1
$\begingroup$

This is taken from Nocedal & Wright's Numerical Optimization 2nd edition, pg 279 Theorem 11.3:

Suppose $r:R^n\rightarrow R^n$ is continuously differentiable in a convex set $D\subset R^n$. Let $x^*\in D$ be a nondegenerate solution of the equation $r(x)=0$. I understand that since $r(x^*)=0$:

$$r(x)=J(x)(x-x^*)+\int_0^1[J(x+t(x^*-x))-J(x)](x-x^*) \, dt$$

According to the proof which I'm following, it states that for some ball $B(x^*,\delta)$ centered at $x^*$, we can obtain the following bound:

$||r(x)||\le 2||J(x^*)||\cdot||(x-x^*)|| + o(||x-x^*||)$.

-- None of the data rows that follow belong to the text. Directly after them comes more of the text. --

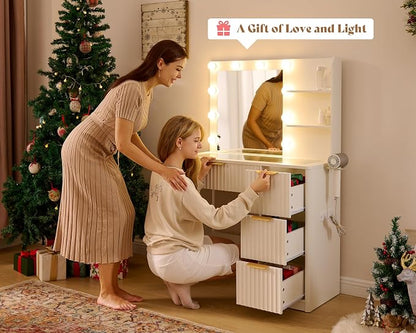 AMERLIFE 36.2" Fluted Vanity Desk with Mirror and Adjustable LED Lights, Large 4 Drawers Makeup Vanity Table with Glass Top and Charging Station for Women and Girls, Bedroom or Dorm, White
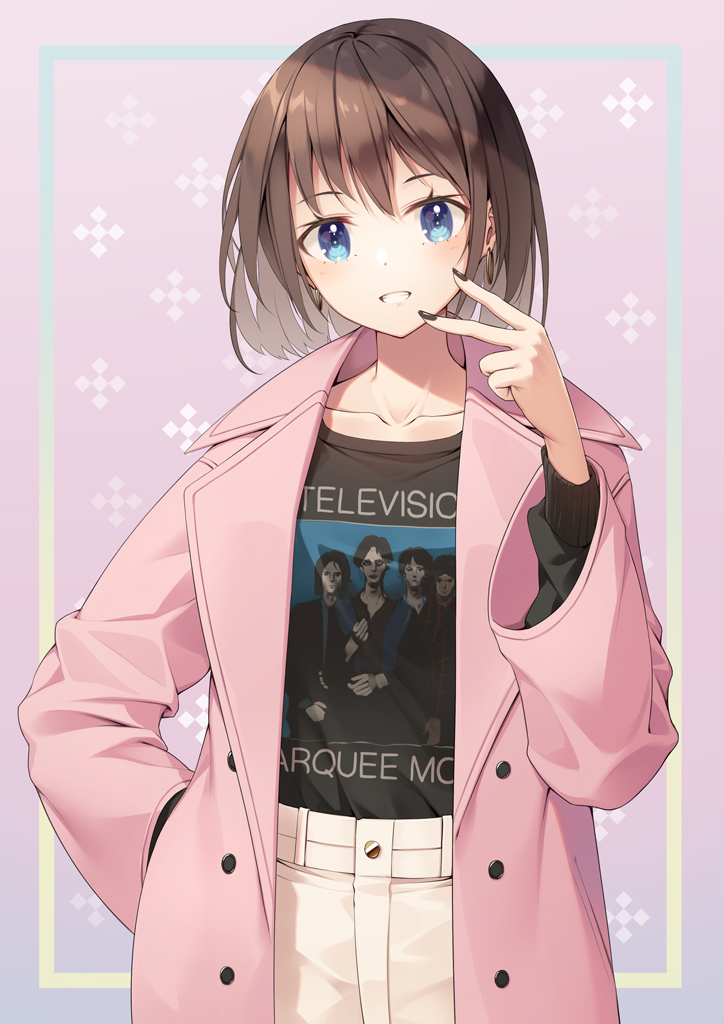 1girl, bangs, black_nails, black_shirt, blue_eyes, brown_hair, coat, commentary_request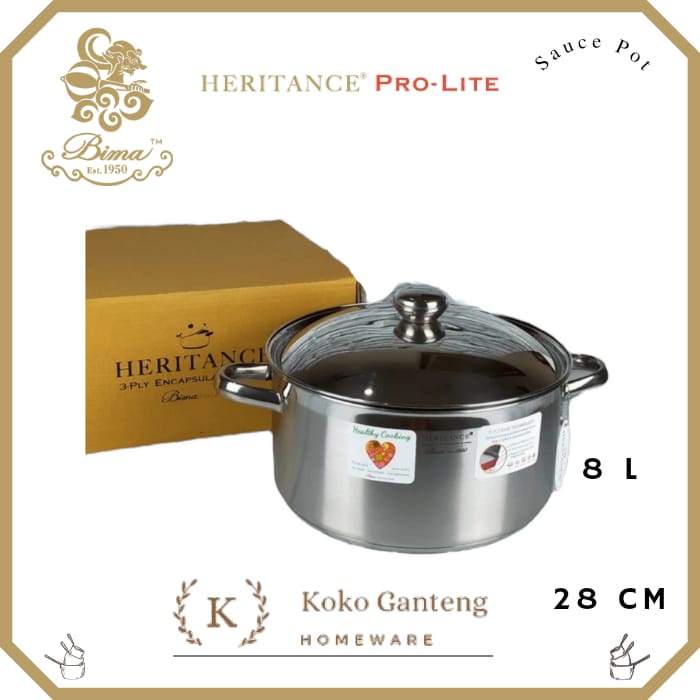 BIMA HERITANCE PRO-LITE SAUCEPOT PANCI 28CM 8L PANCI STAINLESS INDUCTION BP121228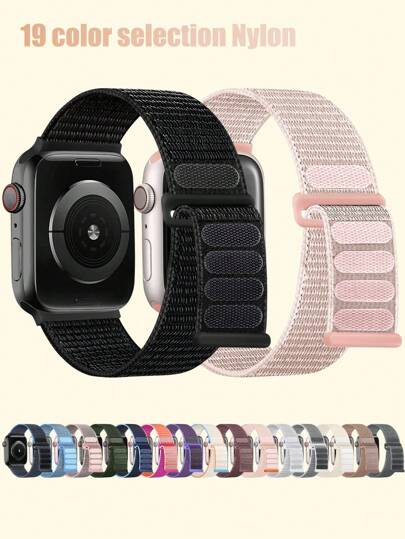 1 Stück Sportarmband aus Nylon kompatibel mit Apple Watch 38/40/41/42/44/45/46/49 mm, weich, atmungsaktiv, verstellbarer selbstklebender Riemen kompatibel mit Apple Watch Series Ultra/11/10/9/8/7/6 SE/5/4/3, einfach zu tragendes Armband für Herren und Damen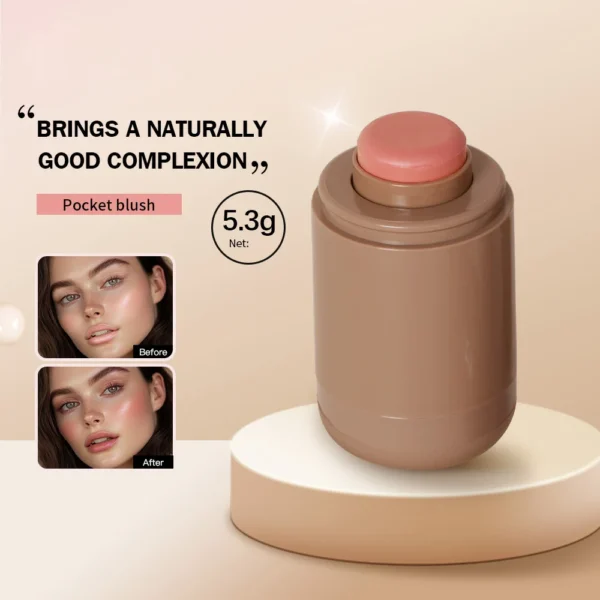 3-in-1Blush Stick Lasting Brightens Facial Cheek Stick Moisturizing Flash Lip Gloss Makeup Lip Gloss Face Rouge - Image 6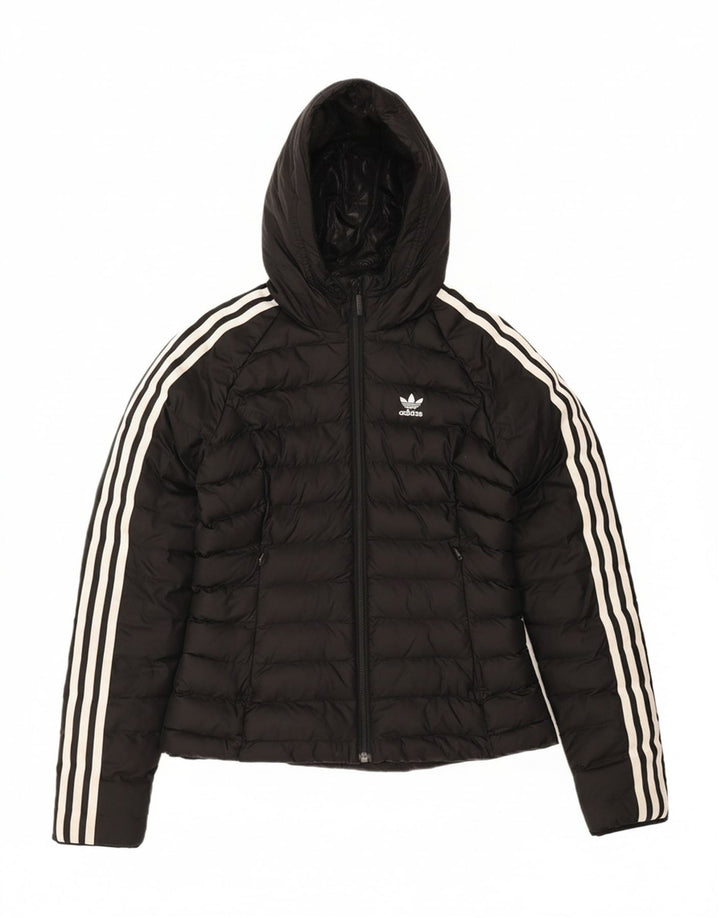 ADIDAS Womens Hooded Jacket UK 8 Small Black Nylon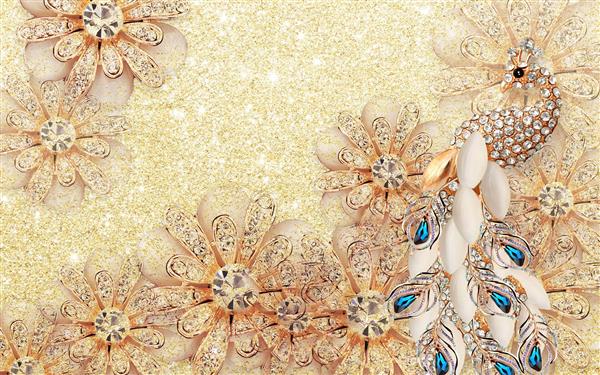 طاووس جواهرنشان بر روی گل های طلایی جواهرنشان طرح سه بعدی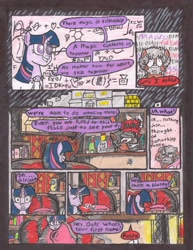 Size: 2504x3236 | Tagged: safe, artist:oatmeal155, imported from derpibooru, twilight sparkle, oc, oc:cinnamon oats, pony, unicorn, comic:oat.meal, comic, ever emerald manor, traditional art, unicorn twilight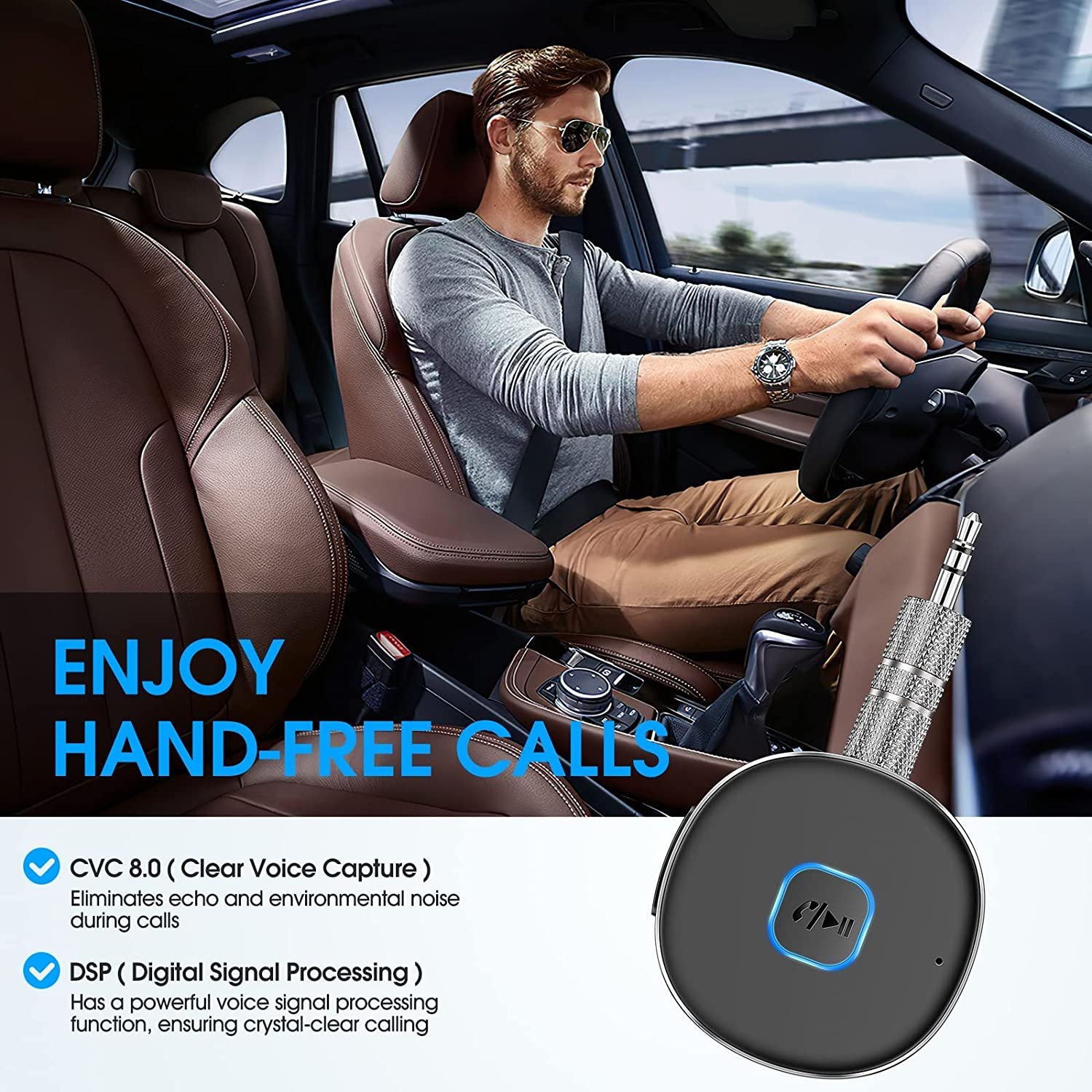New Design JL-J33 Universal Bluetooth Receiver 3.5mm AUX Wireless Audio Receiver Built-in Mic Bt 5.0 Adapter Handsfree Car Kits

I'm trying to derive this error estimate, but I'm struggling with arriving at these two terms.

1. I can easily see that

$$||\int_0^1[J(x+t(x^*-x))-J(x)](x-x^*) \, dt||\le ||x-x^*||\int_0^1||J(x+t(x^*-x))-J(x)|| \, dt$$

However, I can't quite see how it (immediately?) follows that this is $o(||x-x^*||)$.

2. If I were to apply a triangle inequality to the expression for $||r(x)||$, I would obtain a term of $||J(x)(x-x^*)||$, which I can bound as $||J(x)(x-x^*)||\le||J(x)||\cdot||x-x^*||$, not as $||J(x^*)||\cdot||(x-x^*)||$. In other words, I can't see how I can bound this by the jacobian evaluated at the root $x^*$.

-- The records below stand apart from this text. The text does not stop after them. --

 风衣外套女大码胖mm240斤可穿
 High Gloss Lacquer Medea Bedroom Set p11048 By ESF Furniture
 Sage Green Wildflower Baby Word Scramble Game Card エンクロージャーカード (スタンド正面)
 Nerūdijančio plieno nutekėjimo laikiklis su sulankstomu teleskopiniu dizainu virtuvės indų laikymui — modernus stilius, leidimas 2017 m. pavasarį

Any help with this would be greatly appreciated! :)

1 Answers 1

2

You need to use continuity of $J$.

Since $r$ is $C^1$, it follows that $J$ is continuous. So, pick $\epsilon>0$, then there is a $\delta>$ such that if $\|x-x^*\| < \delta$, then $\|J(x)-J(x^*)\| < \epsilon$. Without loss of generality, we may assume that $\epsilon \leq \|J(x^*)\|$ (this is non-zero since $x^*$ is non degenerate, and it will be a convenient choice in a moment).

Now suppose $\|x-x^*\| < \delta$. If $t\in [0,1]$, then $\|x+t(x^*-x) -x\| = t\|x-x^*\| \leq \|x-x^*\| < \delta$, hence we have $\|r(x)\| \leq \|J(x)\| \|x-x^*\| + (\int_0^1 \epsilon \, dt ) \|x-x^*\| = \|J(x)\| \|x-x^*\| + \epsilon \|x-x^*\| $.

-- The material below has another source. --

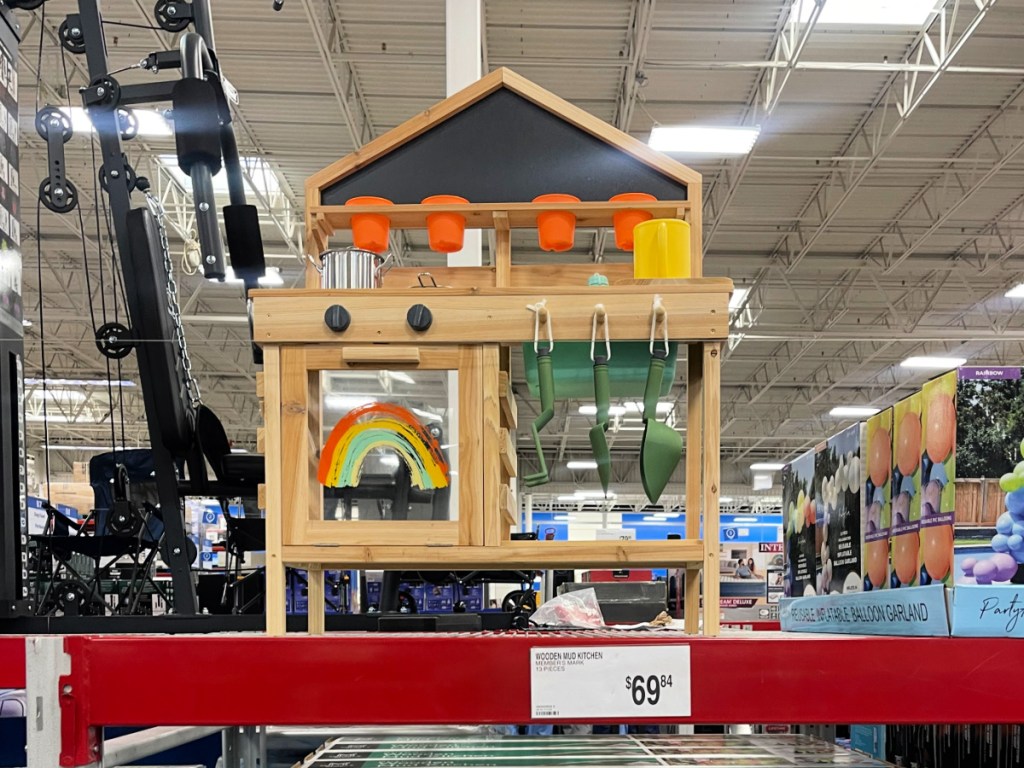 Kids outdoor mud kitchen on display inside Sam's Club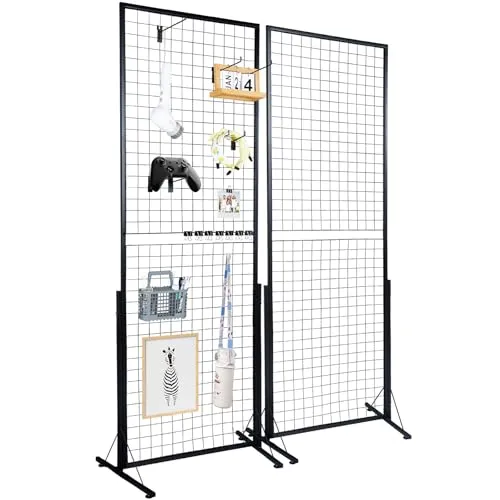 2 Packs VEVOR 2Pcs 2x5.6ft Grid Wall Panels Tower,Wire Gridwall Display Racks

We also have $\|J(x)\| \leq \|J(x^*)\| + \|J(x)-J(x^*)\| \leq 2 \|J(x^*)\|$ (by choice of $\epsilon$ above). Combining, we get $$ \|r(x)\| \leq 2 \|J(x^*)\| \|x-x^*\| + \epsilon \|x-x^*\|.$$ Since $\epsilon>0$ was arbitrary (well, at least arbitrarily small), we have the desired conclusion.

  • 0
    Hi copper.hat. In the second line of the second paragraph, you wrote $||x+t(x^*-x) -x||$, but I think you meant to write $||x+t(x^*-x) -x^*||$. Otherwise, $||x+t(x^*-x) -x||=t||x^*-x||$. Do you agree?2012-08-31
  • 0
    Yes indeed, good catch, I have fixed it.2012-08-31
  • 0
    I think I understand it now... The main purpose of the statement in the first line of the second paragraph is to ensure that $||x+t(x^*-x)-x||$ is in the ball so that continuity ensures that we can bound $||J(x+t(x^*-x)-x)-J(x)||$ by epsilon. It's a subtle detail that I just couldn't see at first.2012-08-31
  • 0
    You're answer makes a lot sense now! Just one little question: I'm not quite sure I understand how we can make the assumption that $\epsilon \le ||J(x^*)||$ "without loss of generality". Could you elaborate on that? What allows us to make such a claim?2012-08-31
  • 0
    We have $J(x^*) \neq 0$, hence $\|J(x^*)\| > 0$. By continuity of $J$, for **any** $\epsilon>0$ there exists a $\delta>0$ such that,... So, in this case we pick any $\epsilon \in (0, \|J(x^*)\|]$.2012-08-31
  • 0
    We could also have said pick a $\delta_1>0$ such that if $\|x-x^*\| < \delta_1$, then $\|J(x)\| \leq 2 \|J(x^*\|$ (remember, $\|J(x^*\|$ is just a fixed positive number here). Then to continue the proof, we would require $\|x-x^*\| < \min(\delta, \delta_1)$.2012-08-31
  • 0
    You are very welcome.2012-08-31